Curiosità sul Capodanno

Il Capodanno è alle porte: qualche curiosità sulla notte di San Silvestro.

I Piccoli
Cilento lunedì 28 dicembre 2020
di Gina Chiacchiaro
Che Capodanno è senza fuochi d'artificio?
Che Capodanno è senza fuochi d'artificio? © web

1) Anche nell'antichità si festeggiava Capodanno, ma non il 1° gennaio. La scelta di fare iniziare l'anno nel mese dedicato al dio Giano (gennaio, appunto) si deve alla riforma del calendario voluta da Giulio Cesare nel 46 a.C. Prima di allora, a Roma, Capodanno cadeva il 1° marzo.

2) Che Capodanno è senza fuochi d'artificio?
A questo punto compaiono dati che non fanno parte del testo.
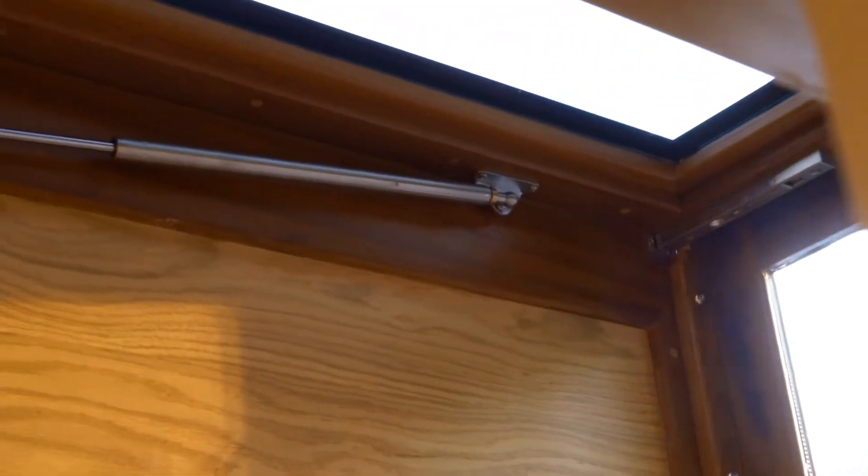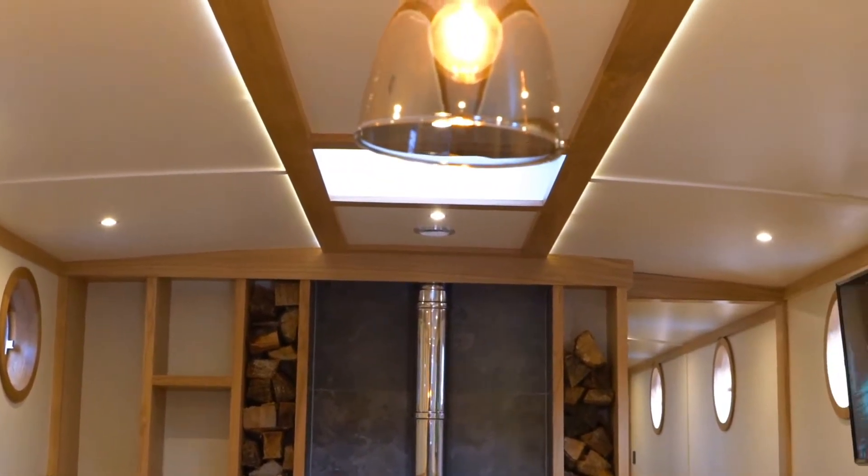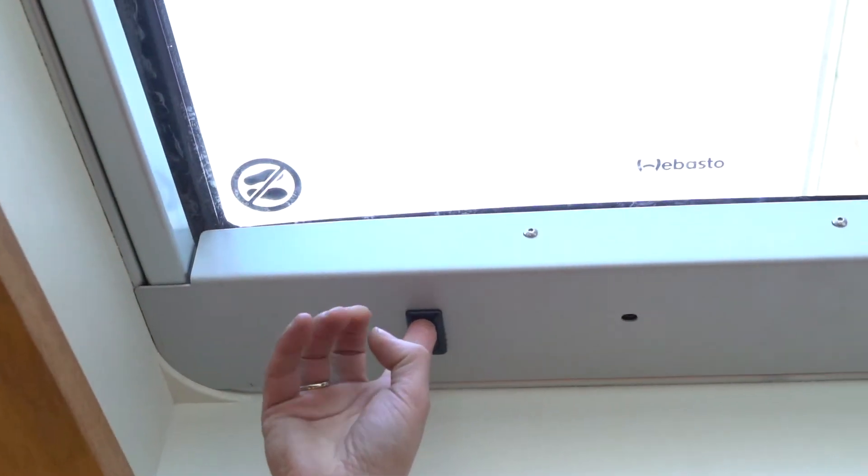We've now put a different front door system in, we've put stairs to the roof so it's much easier access, changed some of the lighting and the heating system, and just improved on basically the last couple of boats that we built. In fact, this one has even got an electric sunroof out of a car in it, so we're very, very pleased with this one.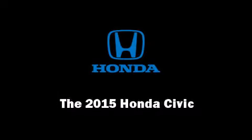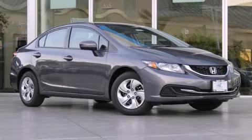The 2015 Honda Civic. This four-door, five-passenger sedan will allow you to take command of the road with confidence.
I primi a usarli furono i cinesi, che li hanno inventati intorno all'ottavo secolo dopo Cristo. In Europa arrivano nel XIII secolo e si usano per festeggiare le vittorie militari. Ma prima che si diffondano davvero, bisogna aspettare la metà del Seicento. I primi erano “in bianco e nero”: la colorazione, infatti, si ottiene aggiungendo dei sali alla polvere pirica, come il cloruro di potassio, ma fino alla metà del Settecento nessuno ci aveva pensato!

3) Il primo posto nel mondo dove sorge l'alba è l'isola di Kiribati, in Oceania: i suoi abitanti, quindi, sono i primi a festeggiare Capodanno. Gli ultimi sono invece quelli delle Samoa Americane, dove l'anno nuovo arriva 23 ore dopo!

4) Il beneaugurante bacio di mezzanotte, sotto un rametto di vischio, risale alla mitologia scandinava: le bacche del vischio sono le lacrime versate dalla dea Frigg per la morte del figlio Balder, ucciso da una freccia di vischio. Balder però tornò in vita e per la felicità lei baciò chi passava vicino alla pianta.

5) L'usanza di indossare biancheria intima rossa avrebbe a che fare addirittura con l'antica Cina. Per il folclore orientale, infatti, il rosso è il colore che spaventa Niànmostro divoratore di uomini che a Capodanno esce dalle profondità marine.